Keyboard shortcuts

Press or to navigate between chapters

Press S or / to search in the book

Press ? to show this help

Press Esc to hide this help

Course discovery

How the scraper builds the course list and the per-course tasks it sends to Stellic.

Sources

The course set is the union of two feeds.

  1. The FCE CSV at data/fces.csv, exported from SmartEvals. Columns used: Year, Sem (Fall/Spring/Summer), Num (5-digit, e.g. 21122). Each row indicates the course was offered in that (year, sem).

  2. Schedule of Classes dumps at https://enr-apps.as.cmu.edu/assets/SOC/sched_layout_{season}.dat, where season is one of fall, spring, summer_1, summer_2. Tab-delimited; the term comes from a Semester: <Fall|Spring|Summer> <year> header line, course codes from rows starting with a tab.

A failed fetch (404 or parse failure) on a season means the season has not been published yet. That season contributes no codes or tuples.

5-digit Num values are normalized to DD-DDD. Rows that don’t match the 5-digit pattern are dropped.

Course code format

Canonical form is 21-122. The catalog and SOC use this form. The FCE CSV uses the 5-digit form. On disk, output directories use the dash-stripped form (21122).

Task generation

For each course we emit one info task plus zero or more sections tasks. A sections task is identified by (course, lyear, sem_id).

Section tasks come from the (year, sem) tuples we know the course was offered in: FCE tuples plus the SOC term if that course appears in that season’s SOC. Each tuple is converted to an lyear and dropped if out of range.

lyear

Stellic’s getcoursesections/ URL parameter is named year, but the value is not a calendar year. It is an academic-year offset, 0-indexed from the student’s term_joined. Internally we call the variable lyear so it doesn’t collide with calendar year. On the wire it is still year=<n>.

Computation:

anchor = ay_start(joined_sem, joined_year)        # AY of the user's term_joined
lyear  = ay_start(sem, year) - anchor + 1

ay_start returns the calendar year the AY started in: Fall maps to its own year; Spring/Summer map to year - 1.

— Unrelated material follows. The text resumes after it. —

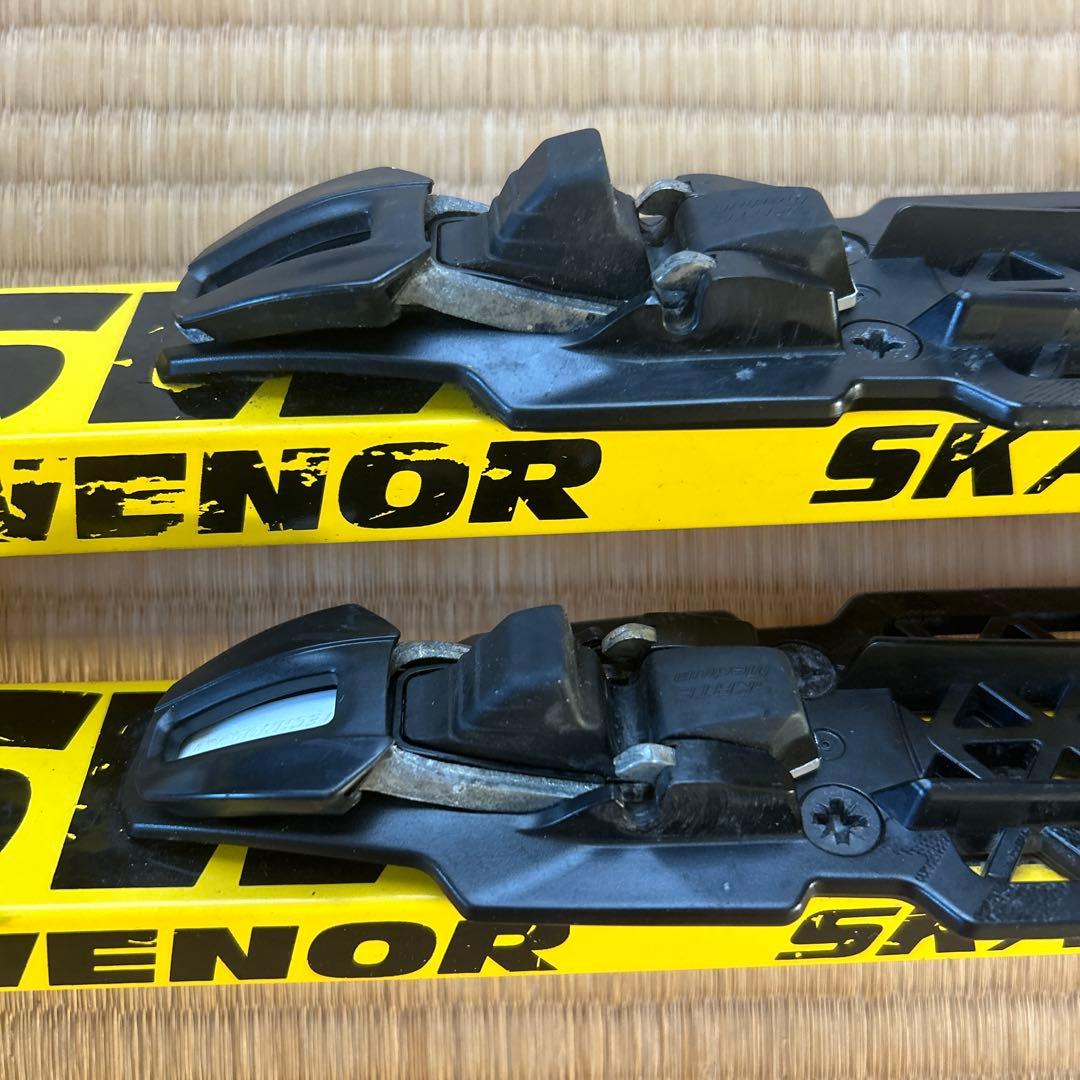 SWENOR SKATE イエロー　ローラースキー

Bounds: lyear ∈ 0..=3. Out-of-range values (negative or > 3) yield server errors or empty data. Stellic exposes about four academic years from the user’s join term. Scraping further back requires an account with an earlier term_joined.

98- courses (StuCo)

StuCo instructors can opt out of FCEs, so a 98- course that ran may have no FCE tuples. When a 98- course has no FCE tuples, we issue section tasks for every lyear ∈ 0..=3 crossed with {Fall, Spring, Summer}. Most come back empty from Stellic and the section save no-ops on empty data.

Deduplication

BoundaryMechanism
FCE rows to (year, sem) tuples per courseHashSet<(year, sem)>
FCE codes union SOC codesHashSet<String>
FCE tuples union SOC term per courseHashSet<(year, sem)>
Re-runs (output files)None; re-runs overwrite the output files.